The ‘free trade’ after World War II he referes to, was heavily stacked in our favor. With much of European and east Asian manufacturing centers bombed out, post-war US industry was poised at best advantage to fill the vacuum. Those glory days are gone. Free trade now simply means doing it all in overseas sweatshops and forced labor camps far from the prying eyes of OSHA, the EPA, or extortionist labor unions.
Because of that, the US pursued multi-lateral trade via the WTO.
But, as the US, overtime, lost that competitive edge, we shifted away from expanding multi-lateral to pursuing bi-lateral and regional trade agreements, as well a concentrating on our own back yard.

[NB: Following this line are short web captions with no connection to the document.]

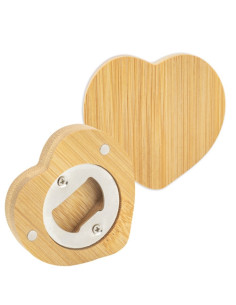 Bomboniera apribottiglie magnetico in legno di bambu  e metallo forma di cuore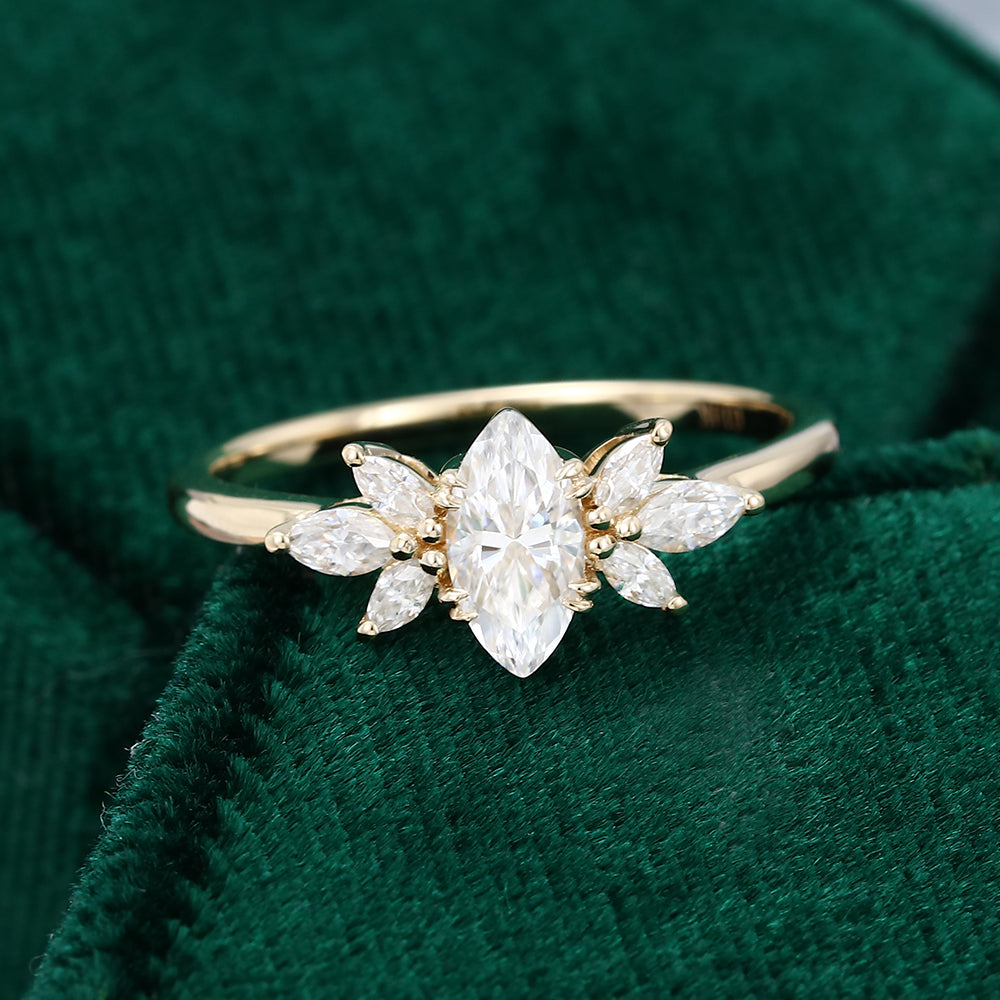 0.47 CT Marquise Cluster Moissanite Engagement Ring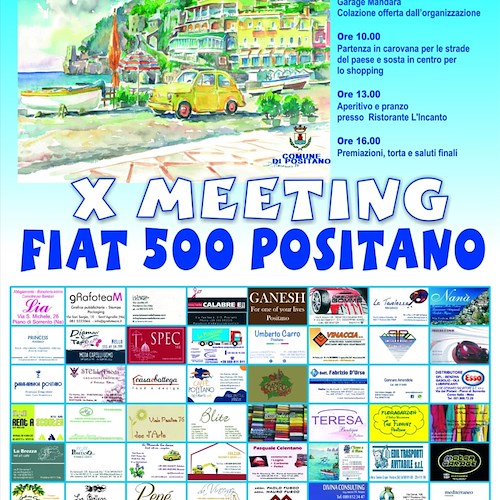 Domenica 7 ottobre 2018 "X Meeting Fiat 500 Positano"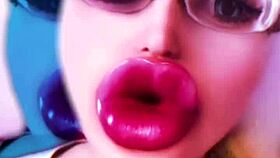 Dollification sissification huge pink lips transformation fetish with glasses.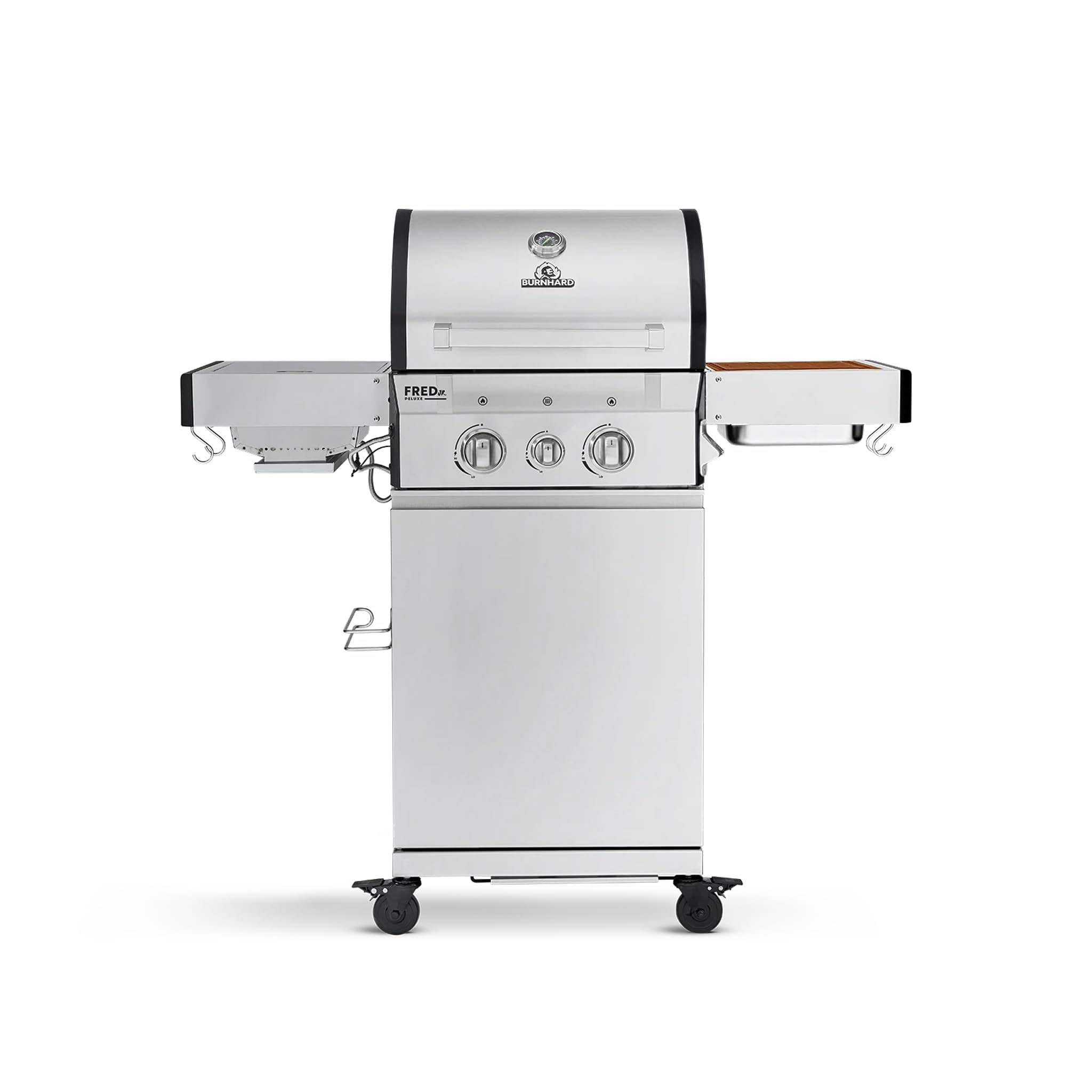 BURNHARD 2-Brenner Gasgrill FRED Jr. Deluxe Series 3 inkl. 900°C Infrarot-Keramikbrenner, Edelstahl-Grillrost, Grillabdeckung, Edelstahl Grillwagen + klappbare Seitentische Silber 3 | Silber | Deluxe | Edelstahl-Grillrost Angebot bei HelloDeals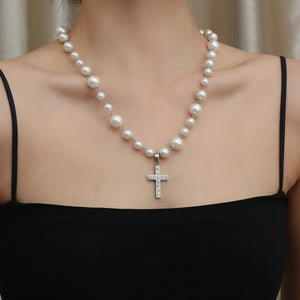Stainless Steel Inlaid Diamond Cross Splicing Pearl Necklace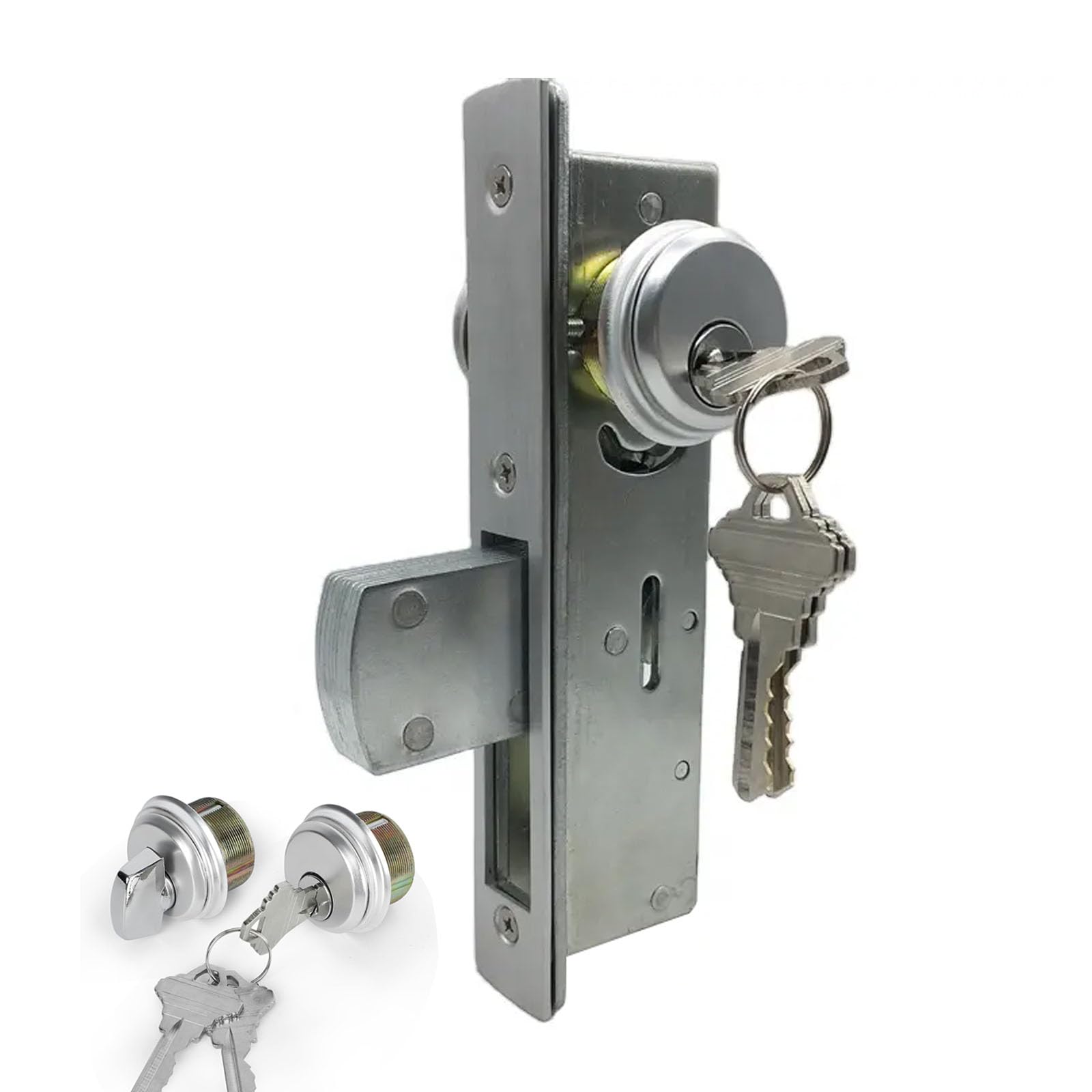 View 1 of *SOLD FOR PARTS ONLY*Chmaanwlkj Commercial Door Lock with Deadbolt, Silver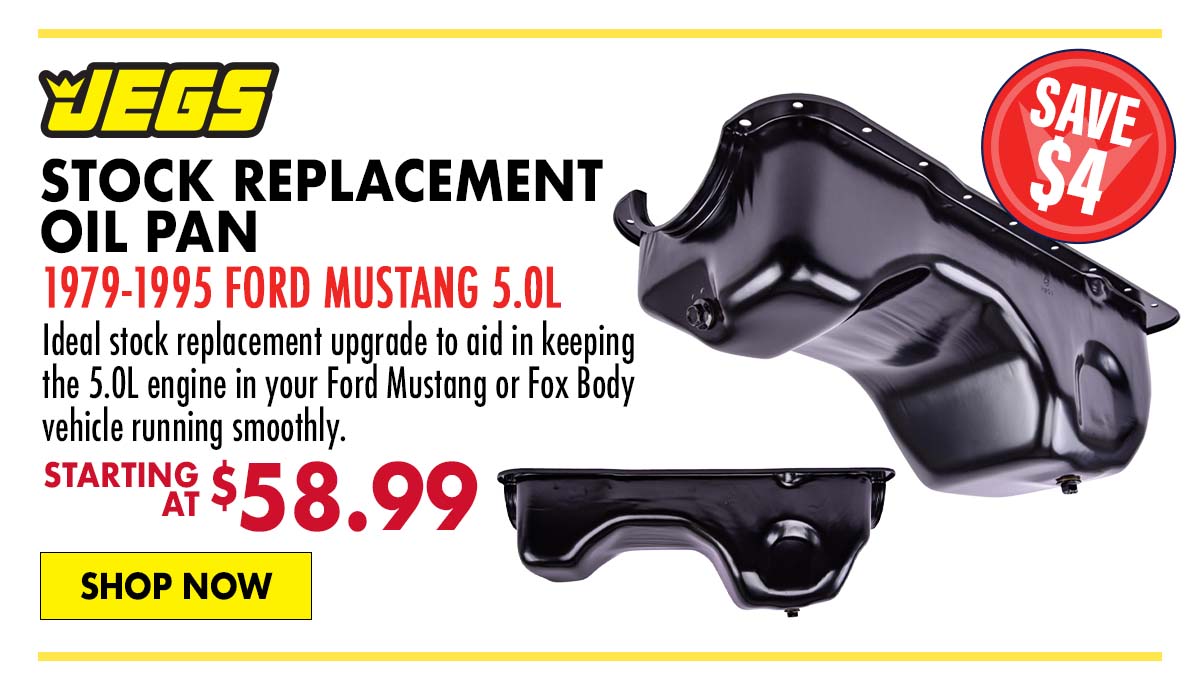 JEGS Stock Replacement Oil Pan for 1979-1995 Ford Mustang 5.0L - Starting at $58.99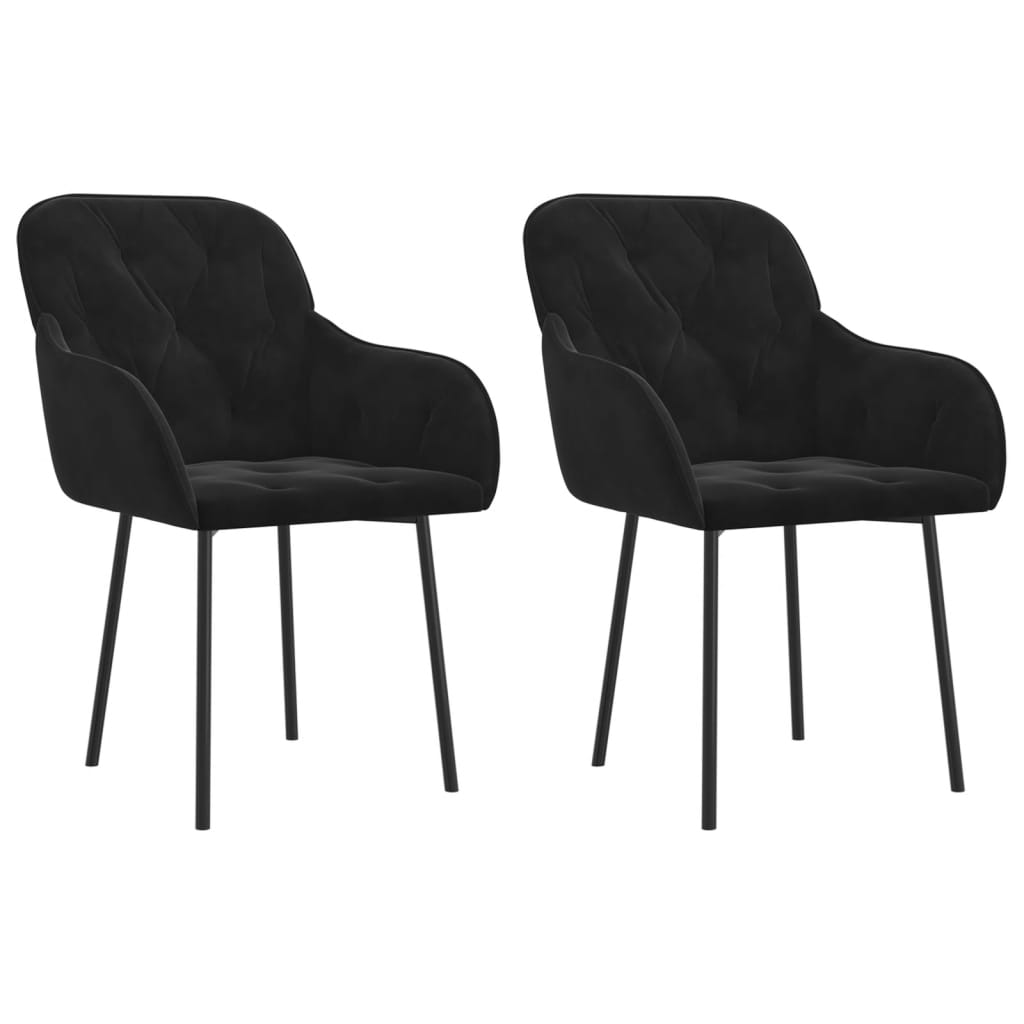 Chaises à manger lot de 2 Noir Velours - XIOS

The first prez to pursue this with fast track authority was Reagan with Israel, the Caribbean Basin Initiative(which would eventually be replaced with CAFTA), and bilateral agreements with Canada and Mexico.
Under GWB Bush, the two bilaterals would become the trilateral NAFTA.
Under GW Bush CAFTA was completed and Chile was completed. Bush began the bilaterals with Columbia, Panama, and Korea and they were completed under Obama.
Keep in mind that Bush was not able to complete those 3 agreements because the dems blocked them because they thought the investor protections were excessive and Obama renegotiated them with more protections for labor and environment.